Puerto Rico's Governor Announces Partial Default; Slams Vultures and Congressional Allies

December 31, 2015

In a press conference Wednesday, Puerto Rico's Governor, Alejandro Garcia Padilla, announced that his government would partially default on debt coming due on Jan. 4, the total amount of which, he said, was $757 million. Interest on General Obligation bonds, amounting to $328.7 mn., will be paid, as they carry a constitutional guarantee of payment, he said. But, he added, in order to guarantee payments of wages and pensions, the government will default on $37 mn. in interest payments due on bonds from the Infrastructure Financing Authority and the Public Finance Corp.

The responsibility for Puerto Rico defaulting at all, Garcia said, lies with the U.S. Congress and its vulture-fund allies, who lied that Puerto Rico could, of course, pay its debts.

"Had the Congress acted to provide the island with Chapter 9 bankruptcy protection, and the tools necessary to restructure its debt, we wouldn't be having this press conference, and reporting this news," Garcia said. "But the lobbyists of the vulture funds boycotted the process, and blocked the measures the island needs." We know, he emphasized, that the vulture funds "have spent a fortune lobbying against Puerto Rico in the Congress."

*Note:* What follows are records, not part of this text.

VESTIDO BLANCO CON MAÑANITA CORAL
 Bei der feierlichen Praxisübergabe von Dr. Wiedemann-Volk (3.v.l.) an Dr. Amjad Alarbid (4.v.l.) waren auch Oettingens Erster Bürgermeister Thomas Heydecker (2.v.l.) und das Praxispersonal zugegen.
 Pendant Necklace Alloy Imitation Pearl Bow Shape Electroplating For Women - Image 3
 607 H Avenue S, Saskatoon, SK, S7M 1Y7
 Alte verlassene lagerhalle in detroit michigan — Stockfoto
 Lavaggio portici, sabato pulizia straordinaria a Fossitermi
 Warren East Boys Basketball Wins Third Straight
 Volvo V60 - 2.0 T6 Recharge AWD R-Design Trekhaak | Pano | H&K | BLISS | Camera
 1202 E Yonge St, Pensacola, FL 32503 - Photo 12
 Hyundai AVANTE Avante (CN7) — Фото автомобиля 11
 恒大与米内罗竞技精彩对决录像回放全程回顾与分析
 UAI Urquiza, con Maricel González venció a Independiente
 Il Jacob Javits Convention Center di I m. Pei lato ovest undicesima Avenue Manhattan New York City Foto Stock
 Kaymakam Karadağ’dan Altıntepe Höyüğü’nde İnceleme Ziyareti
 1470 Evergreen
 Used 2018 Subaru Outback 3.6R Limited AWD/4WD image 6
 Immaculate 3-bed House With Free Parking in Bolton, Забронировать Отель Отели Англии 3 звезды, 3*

The Governor stated that the $37 mn. default "is one the Constitution allows me to do," and avoids a general default. The money to pay the General Obligation bonds wasn't available, he explained, but the government obtained it by commandeering $163 million from other agencies, a procedure known as "clawback." Nonetheless, other payments must be made soon, and the funds aren't available. Speaker of the House Paul Ryan's promise to come up with a package for Puerto Rico by March 31, "comes too late," Governor Garcia said. "Right now, my government has the responsibility to protect Puerto Ricans, as much as possible, from the grave consequences implied by a forced suspension of public services and a shutdown of the government."